Die aufgedeckten Morde eines Nazinetzwerks haben zu einer Entrüstung von Medien und Politik über die Qualität rechtsextremistischen Terrors in Deutschland geführt. Die Debatte und die Aufklärung des Versagens staatlicher Behörden, wie dem Verfassungsschutz und Landeskriminalämtern ist zwingend erforderlich, darf aber nicht eine Auseinandersetzung über rechte Einstellungsmuster und deren Gründe überschatten oder gar verhindern.
Es ist ein Skandal, dass erst die Aufklärung von Morden zu einer ernsthaften Auseinandersetzung mit faschistischem Gedankengut führt. Verwunderung ruft diese Tatsache aber nicht hervor, denn der mediale aber auch politische Fokus hat sich in den letzten Jahren massiv verschoben. Islamistischer Extremismus, der immer wieder, ob begründet oder nicht, öffentlichkeitswirksam propagiert wurde hat zu Ressentiments gegenüber einer ganzen Gruppe von Menschen geführt. Wahlerfolge von islamophoben-rechtsextremen Parteien in vielen europäischen Ländern, die Gründung von „Pro-Bewegungen“ in Deutschland aber auch Pressemeldungen der Jungen Union Thüringen dokumentieren dieses neue Feindbild. Rassismus gegenüber Muslimen ist ein Teil der gesellschaftlichen Normalität geworden. Besondere Verantwortung dafür tragen auch die beiden Volksparteien SPD und CDU. Während die CDU über eine christliche Leitkultur debattiert, akzeptiert die SPD Rassist_innen wie Thilo Sarrazin in ihren Parteireihen.
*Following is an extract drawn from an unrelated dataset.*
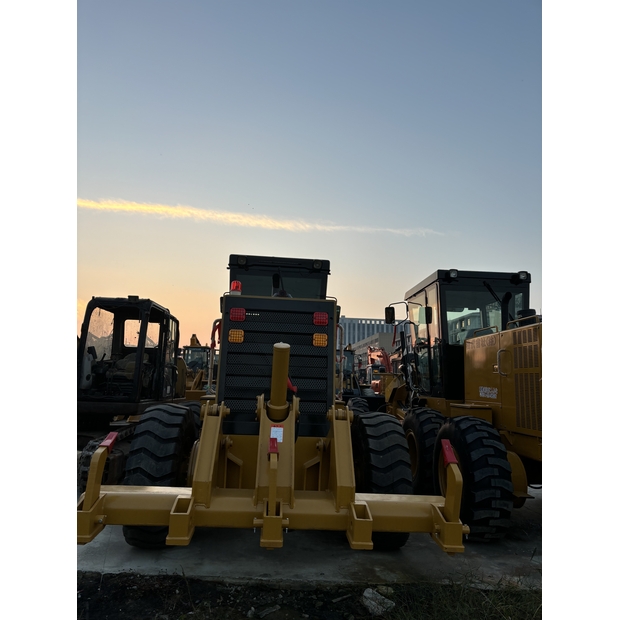2024 Caterpillar 140K-42728904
Gerade wir Jusos müssen nochmals ein deutliches Zeichen setzen, dass solch ein rassistischer Hetzer nichts in unserer Partei zu suchen hat und das die CDU sich gegenüber dem rechten Lager abgrenzen muss und dort nicht neue Wähler_innen zu Suchen hat.
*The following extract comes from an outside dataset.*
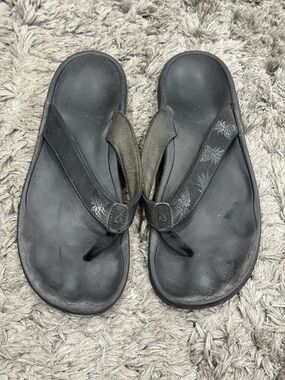 Olukai 'Ohana Black Floral Pattern Flip Flops Sandals Womens Size 11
Ein anderes Merkmal der neuen Fokussierung ist die Gleichsetzung von sogenannten Links- und Rechtsextremismus und die damit verbundene Kriminalisierung antifaschistischen Engagements. Mit der Generalverdächtigung von Vereinen und Gruppen die sich Zivilgesellschaftlich engagieren, durch Maßnahmen wie der Extremismusklausel, hat die CDU eine tragende Schuld an der sich ausbreitenden Ausgrenzung von zivilgesellschaftlichen Engagements gegen rechts. Die Forderung nach einem Verbot der Jugendorganisation der Partei „Die Linke“ durch die JU-Thüringen, einen Tag nachdem sich tausend Menschen in Gera Nazis in den Weg setzten oder die Ankündigung von Frau Lieberknecht die Mittel des Landesprogramms für Vielfalt, Toleranz und Menschlichkeit gezielt für die Auseinandersetzung mit dem Linksextremismus aufzustocken, zeigt deren völlig absurdes Gesellschaftsbild.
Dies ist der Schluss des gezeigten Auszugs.